In the mean time, Adisyn had been sick off and on for a while. She was getting mysterious fevers with no other symptoms that would last 4-6 days, about every 6 weeks. We were on the 4th round of that, when her doctor started ordering more testing. We didn’t find anything that time, but he said to come right in the next time it happened. Gradually Adisyn was starting to loose weight, and looked malnourished. She didn’t want to eat much, except toaster waffles, pancakes, yogurt and some fruit. Then she got sick again, so I took her in immediately. Unfortunately, our pediatrition was out of the office for the week, and I did not like the one we saw. She was in the room under 3 minutes, checking only her ears and throat, not listening to my concerns.

By Sunday she was still not looking well at all, so we took her to the after hours clinic. We saw an awesome pediatrician who ordered a bunch of labs, and was talking about Failure to Thrive. Adisyn had lost more weight, and was down to just under 28 lbs. Since we went to the doctor earlier in the week, she lost almost a pound! I was freaking out about the Failure to Thrive, I thought that only happened in infants who didn’t want to eat. I was feeling SO guilty, thinking it was because I was letting her eat pancakes for dinner, and not a whole meal. When we had just sat down in the lab for the blood work, the nurse came in and added a Celiac panel to the orders. I didn’t know what that was, and didn’t think anything of it. The next day we hear from the doctor that everything looked good, blood counts were normal. And her fever was gone.

Then, it’s a week later, and the nurse from our pediatrician’s office called to say that Adisyn tested positive for Celiac, and they were referring us to a Pediatric GI (gastroenterologist) doctor in Portland, since there aren’t any down here that see kids. I was kind of surprised, I didn’t realize there were labs taken that we didn’t already have the results for. I didn’t even think to ask the nurse what Celiac was, until I got off the phone. So, I go in and google “tested positive for celiac” and all this information about Celiac Disease comes up.

Since then I’ve read a bunch, and found out that it is an auto-immune disease, and the trigger is gliadin, which is in gluten. It triggers an auto-immune reaction, resulting in the destruction of the villi on the small intestine. That is where all of your nutrient absorption happens. That is why Adisyn was loosing weight, and looking malnourished. Because she was.

I called the Ped GI doctors office, and it was a 2 month wait to get her in. There was no way I was going to wait 2 more months to take gluten out of her diet, when I was already semi-familiar with it since we needed to start it with the boys. In fact, it was just the kick-in-the-pants that I needed to take it out of the boys’ diets as well. We noticed a big difference in Adisyn right away. She started gaining weight, her sweet little personality was back, she seemed happier, and she was eating like crazy! The boys’ transition was a little harder. They went through withdrals. Majorly!! It was a really hard week for us, but that just proved to us how addicted to gluten they were. After they had that withdrawl time, they seemed to come out of a fog. They were way more alert, and improved in almost every area! Gluten free was definitely a positive thing for our house.

Then, we went and saw Adi’s GI doctor, and she said that we need to do an endoscopy to confirm the lab results. Since you cannot recover from Celiac, and it is a lifetime diet of eating gluten-free, it is important to have the “offical” diagnosis. They will take a biopsy of her small intestine, and confirm that there is damage to the villi. So, we had to put her back on gluten to do that. We saw immediate changes with that as well. She complains of her tummy hurting almost every day, wakes up at night, has diarrhea, has lost weight, and her tummy is distended. I called the GI doctor last week, and said we had to move up the appointment (it was originally July 13th) or we were going to cancel, because I couldn’t put her through this for (at the time) 3 more weeks. They moved it, and so we go tomorrow, Monday.

It is a pretty basic procedure, under an hour long. She will be under anesthesia, and that makes me a little nervous, since she’s never had that before.
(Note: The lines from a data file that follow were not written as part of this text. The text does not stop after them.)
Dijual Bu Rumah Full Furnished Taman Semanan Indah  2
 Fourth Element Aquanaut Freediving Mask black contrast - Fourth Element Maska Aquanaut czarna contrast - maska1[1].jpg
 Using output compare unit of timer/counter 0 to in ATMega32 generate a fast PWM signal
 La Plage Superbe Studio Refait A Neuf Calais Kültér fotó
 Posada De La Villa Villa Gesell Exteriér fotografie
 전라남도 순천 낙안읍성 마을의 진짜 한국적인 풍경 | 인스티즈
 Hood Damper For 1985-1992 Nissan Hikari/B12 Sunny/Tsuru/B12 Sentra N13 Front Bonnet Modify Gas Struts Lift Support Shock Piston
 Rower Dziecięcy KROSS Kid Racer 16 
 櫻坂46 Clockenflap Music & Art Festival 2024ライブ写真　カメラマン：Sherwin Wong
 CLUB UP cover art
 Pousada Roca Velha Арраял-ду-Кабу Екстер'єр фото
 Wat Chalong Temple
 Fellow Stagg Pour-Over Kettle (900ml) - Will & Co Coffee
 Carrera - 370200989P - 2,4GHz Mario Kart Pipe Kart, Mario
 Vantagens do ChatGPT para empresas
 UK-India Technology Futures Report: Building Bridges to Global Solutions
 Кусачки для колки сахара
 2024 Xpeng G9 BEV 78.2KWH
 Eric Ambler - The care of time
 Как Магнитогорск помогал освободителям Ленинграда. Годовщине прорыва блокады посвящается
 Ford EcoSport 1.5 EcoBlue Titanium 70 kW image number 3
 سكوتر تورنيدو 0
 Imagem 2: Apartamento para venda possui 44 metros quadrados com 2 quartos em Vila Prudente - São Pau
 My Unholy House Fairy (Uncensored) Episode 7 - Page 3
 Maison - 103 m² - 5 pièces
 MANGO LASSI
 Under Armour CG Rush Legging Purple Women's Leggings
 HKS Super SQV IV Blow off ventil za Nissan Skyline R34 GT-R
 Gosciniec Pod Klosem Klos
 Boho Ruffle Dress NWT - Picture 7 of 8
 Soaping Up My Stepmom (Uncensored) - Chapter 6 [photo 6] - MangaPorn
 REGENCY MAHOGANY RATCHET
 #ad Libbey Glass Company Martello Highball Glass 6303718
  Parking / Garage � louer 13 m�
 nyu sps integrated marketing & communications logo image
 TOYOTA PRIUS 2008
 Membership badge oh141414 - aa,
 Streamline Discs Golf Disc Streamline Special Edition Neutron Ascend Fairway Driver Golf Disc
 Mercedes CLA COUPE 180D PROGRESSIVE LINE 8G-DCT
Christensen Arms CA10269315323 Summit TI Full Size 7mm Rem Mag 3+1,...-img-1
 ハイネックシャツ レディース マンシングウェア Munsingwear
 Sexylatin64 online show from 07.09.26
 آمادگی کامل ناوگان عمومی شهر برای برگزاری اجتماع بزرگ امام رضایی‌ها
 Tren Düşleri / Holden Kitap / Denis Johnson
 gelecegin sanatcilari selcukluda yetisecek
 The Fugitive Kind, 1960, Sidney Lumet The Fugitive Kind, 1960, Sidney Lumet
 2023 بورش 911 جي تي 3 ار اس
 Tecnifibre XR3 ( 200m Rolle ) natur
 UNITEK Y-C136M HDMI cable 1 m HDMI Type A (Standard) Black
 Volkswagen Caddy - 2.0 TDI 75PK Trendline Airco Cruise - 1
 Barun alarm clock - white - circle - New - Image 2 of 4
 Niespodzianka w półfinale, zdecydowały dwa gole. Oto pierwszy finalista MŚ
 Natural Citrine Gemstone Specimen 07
But we will be at a Children’s hospital, with all the specialists for pediatrics, so I know she will be in good hands. I need to double check, but I think we can start gluten free right away, so hopefully by the end of the week, she’ll be back to feeling like her ol self again. 🙂

In the mean time, the boys and I went and got tested. The boys’ are negative. Now, we don’t know right now if that is because they don’t have Celiac, or because they have been off of gluten for 2 months. The Ped GI doctor said that if their numbers were as high as Adisyn’s they would not be back to normal yet. But since they are gluten free right now, it doesn’t really matter. What it will mean is that if/when we end their GFCF diet, we will get them retested after a month. I, on the other hand, have also tested positive. I have my first GI doctor appointment thursday, and will probably also have an endoscopy scheduled to confirm my results.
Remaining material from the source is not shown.